# Connect 2" pvc drain to 2" copper pipe - no subfloor access



## Ron6519 (Mar 28, 2007)

Open the ceiling under the shower and use a fernco fitting.
Patch the hole and paint the ceiling.
Ron


----------



## Wildie (Jul 23, 2008)

missfixer said:


> I am renovating my tiny bathroom and need to connect a 2" PVC shower drain to a 2" copper drain pipe. There is NO access to the subfloor unless I tear down walls AND ceilings downstairs or rip up the sub-floor - both of which are nightmare options... so I cannot do a male copper to female PVC connection or vice versa. Is there ANY WAY to join the PVC drain to the copper pipe and seal it or is there an internal seal available?
> 
> I am stuck with a tile ready shower pan with an integrated PVC drain.


 Rubber sleeves and clamped with hose clamps are available! Would this resolve your problem.


----------



## iMisspell (Jun 2, 2007)

missfixer said:


> ... or rip up the sub-floor - both of which are nightmare options... so I cannot do a male copper to female PVC connection or vice versa.
> 
> I am stuck with a tile ready shower pan with an integrated PVC drain.

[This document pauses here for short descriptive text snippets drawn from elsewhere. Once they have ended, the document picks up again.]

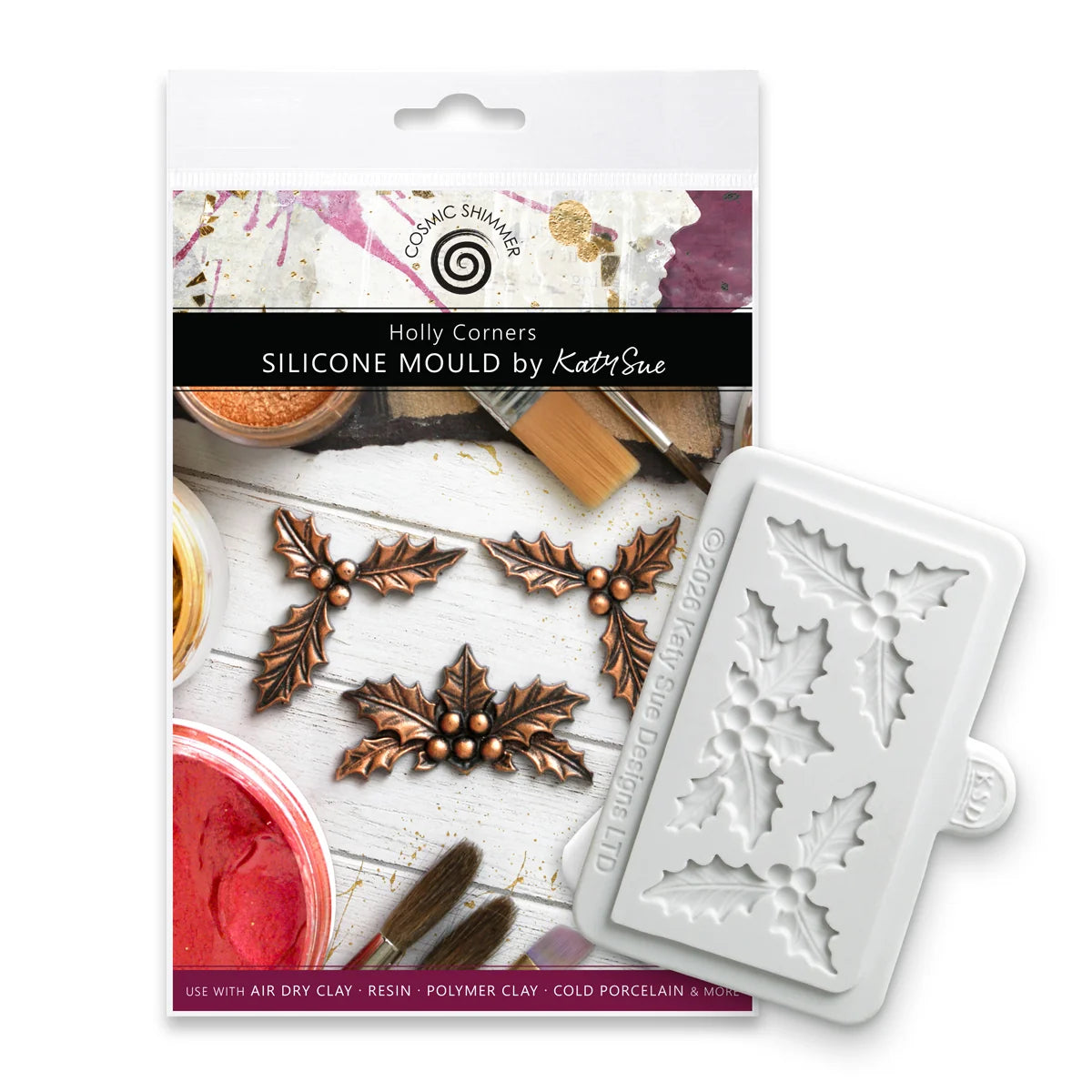 Katy Sue - Cosmic Shimmer Holly Corners Silicone Mould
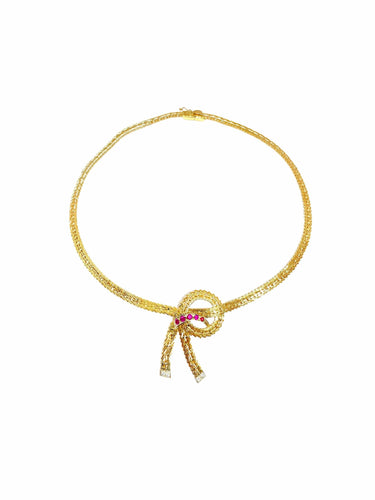 Collier Collier ruban en or jaune rubis et diamants 58 Facettes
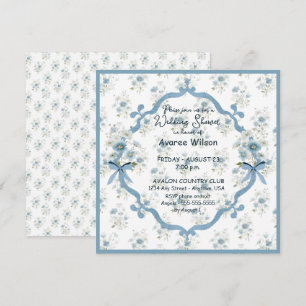 Tarjeta Ducha de Boda en Floral Azul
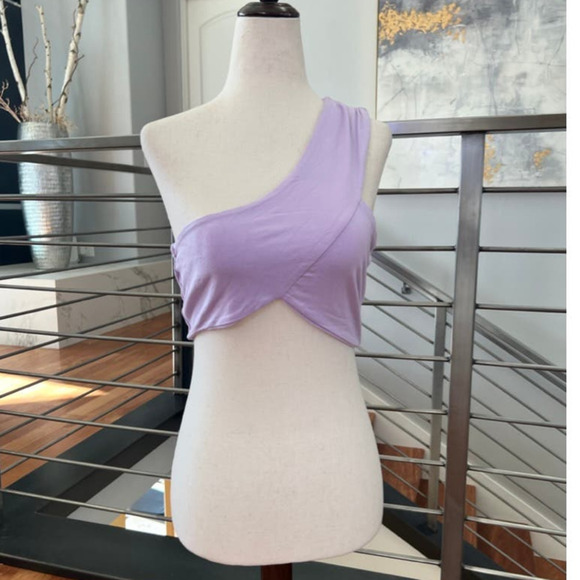 Naked Wardrobe One Shoulder Crop Top in Lavender - Picture 1 of 13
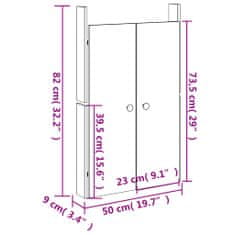 Vidaxl Vonkajšie kuchynské dvierka 2 ks čierne 50x9x82 cm borovica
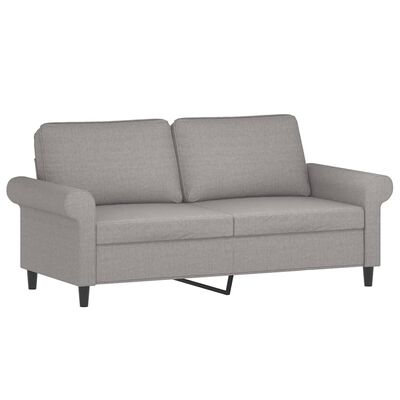 vidaXL divvietīgs dīvāns ar spilveniem, gaiši pelēks, 140 cm, audums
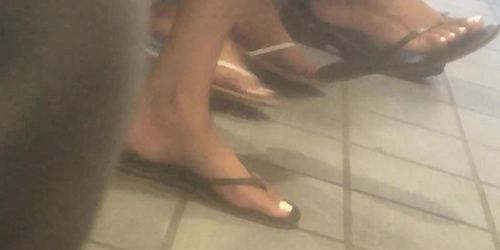 Two Hot College Girls with White Toes Dangling Flip Flops by the Train (NMW, from YT)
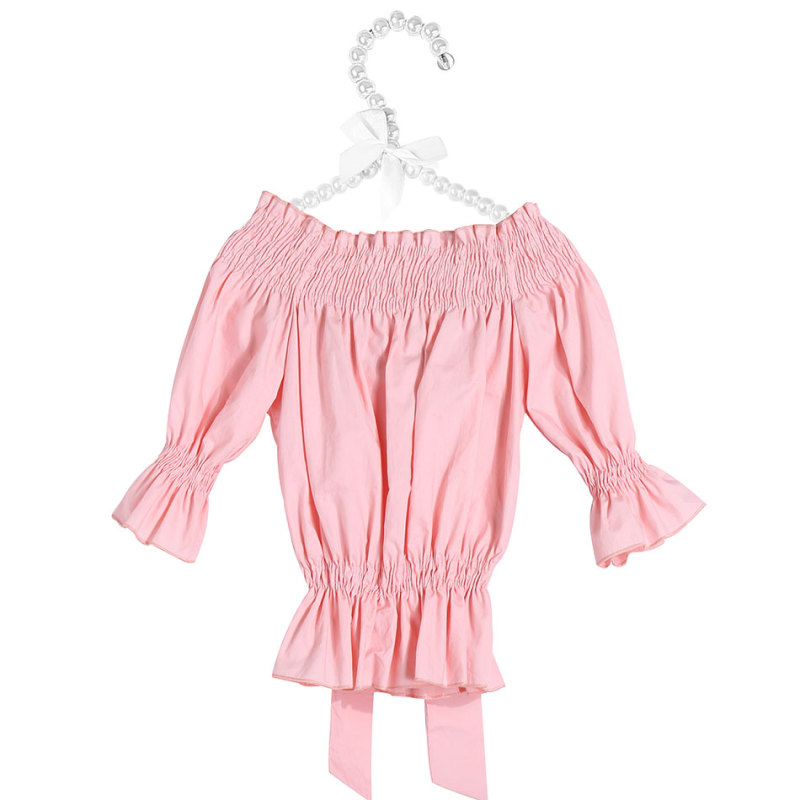 High  Quality Fashion  Baby Girl Summer Clothes Wholesale Bow Knot Smocking Children Top For Girl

If you are putting a new shower pan, why don't you cut out a small section of sub-floor where the plan will be placed, do your pipe connection, then repair the floor ? Being the shower pan will be placed on top of the patch job, it will not have to be really neat.

A picture of what you have might help people give you more ideas.

A while back i used a rubber sleeve pressed into a cast-iron pipe then pounded a PVP pipe into that to extend my house clean-out an extra 6" so i could fill the cavity with conrete, but that was a cast-iron pipe, not shure i would try that with copper, it might tear.

The thing i used (sorry i forget the name), _kind of_ looks like this picture, except that the smaller end would not have a hose clamp and that smaller end would slide the copper pipe then the pvc would slide into that.
Kind of like an ID (Inside Diametor) rubber sleeve. Where the PVC would slide in was ribbed.









Again, i dont think something like this would work with copper, but not being a plumer, maybe im wrong.

What ever you do, when your dealing with water, taking the easy short-cut will more then likley come back and bit you.

_


----------